Both techniques were applied to the same dataset to compare their effectiveness in categorizing cities by climate stability. We found that the city-graph method more accurately discerned long-term climate stability, whereas the sliding window approach excelled in detecting short-term climate changes. Therefore, the choice of method depends on the specific objectives of the analysis: the city-graph is preferable for examining extended trends, while the sliding window method is ideal for investigating immediate climatic shifts.

In Conclusion

GNN graph classification has shown its strength in mapping complex relationships within graph-based datasets, making it a versatile tool in fields ranging from molecular dynamics to social network analysis. This versatility extends to climate data analysis, where it aids in identifying stable versus unstable climate patterns across cities by evaluating average cosine similarities of yearly temperature fluctuations. The addition of the sliding window graph approach further refines our study, enabling the model to continuously integrate new data and offer a detailed view of changing climate patterns. This technique is adept at capturing the dynamic nature of climate data, allowing for a more nuanced analysis of temporal trends and making it particularly suitable for managing the variable nature of climate data. This method’s ability to prioritize recent data over older information is crucial for adapting to the fast-paced changes characteristic of climate patterns.

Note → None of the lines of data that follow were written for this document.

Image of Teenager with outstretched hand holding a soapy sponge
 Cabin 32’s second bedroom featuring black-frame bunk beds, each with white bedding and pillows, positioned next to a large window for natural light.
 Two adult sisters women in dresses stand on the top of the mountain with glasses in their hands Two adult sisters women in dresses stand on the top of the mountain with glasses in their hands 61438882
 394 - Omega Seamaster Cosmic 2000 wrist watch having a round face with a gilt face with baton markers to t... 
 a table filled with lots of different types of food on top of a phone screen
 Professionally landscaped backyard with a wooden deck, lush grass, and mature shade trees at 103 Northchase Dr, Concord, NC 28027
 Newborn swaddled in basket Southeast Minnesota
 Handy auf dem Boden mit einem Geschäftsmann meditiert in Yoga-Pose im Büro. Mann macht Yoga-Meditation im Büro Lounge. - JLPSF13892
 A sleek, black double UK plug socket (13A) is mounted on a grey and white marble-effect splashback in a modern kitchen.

In this study, we have leveraged GNN graph classification to address the complex challenge of analyzing climate patterns across different geographic locales, underscoring the method’s adaptability and broad applicability. Our research aimed explicitly at harnessing the potential of GNNs to distinguish between stable and unstable climate conditions in cities worldwide, using average cosine similarities of annual temperature variations as a novel classification metric. By integrating the sliding window graph approach, we have enhanced our model’s ability to dynamically assimilate and refresh data, offering a granular perspective on the fluctuating climate patterns and their implications over time.

This investigation has demonstrated that while equatorial cities exhibit consistency in climate stability, higher latitude cities experience more pronounced fluctuations. Remarkably, our analysis also brought to light certain anomalies, such as Mediterranean cities with unexpectedly consistent climates and cities in China and Mexico with notable climate variability. These findings highlight the critical importance of considering local geographical and climatic factors in climate studies and underscore the nuanced capabilities of GNN models in detecting subtle climate dynamics.

Ultimately, our study reinforces the utility of GNN graph classification, especially with the incorporation of the sliding window approach, as a potent tool for dissecting and understanding climate data. This method does not merely augment the predictive accuracy of our models but significantly bolsters their adaptability to ongoing climate changes, offering a richer comprehension of the complex interplay of factors influencing global climate trends. As such, GNN graph classification emerges as an indispensable instrument in the ongoing efforts to tackle the multifaceted challenges posed by global climate change, paving the way for more informed and effective climate resilience strategies.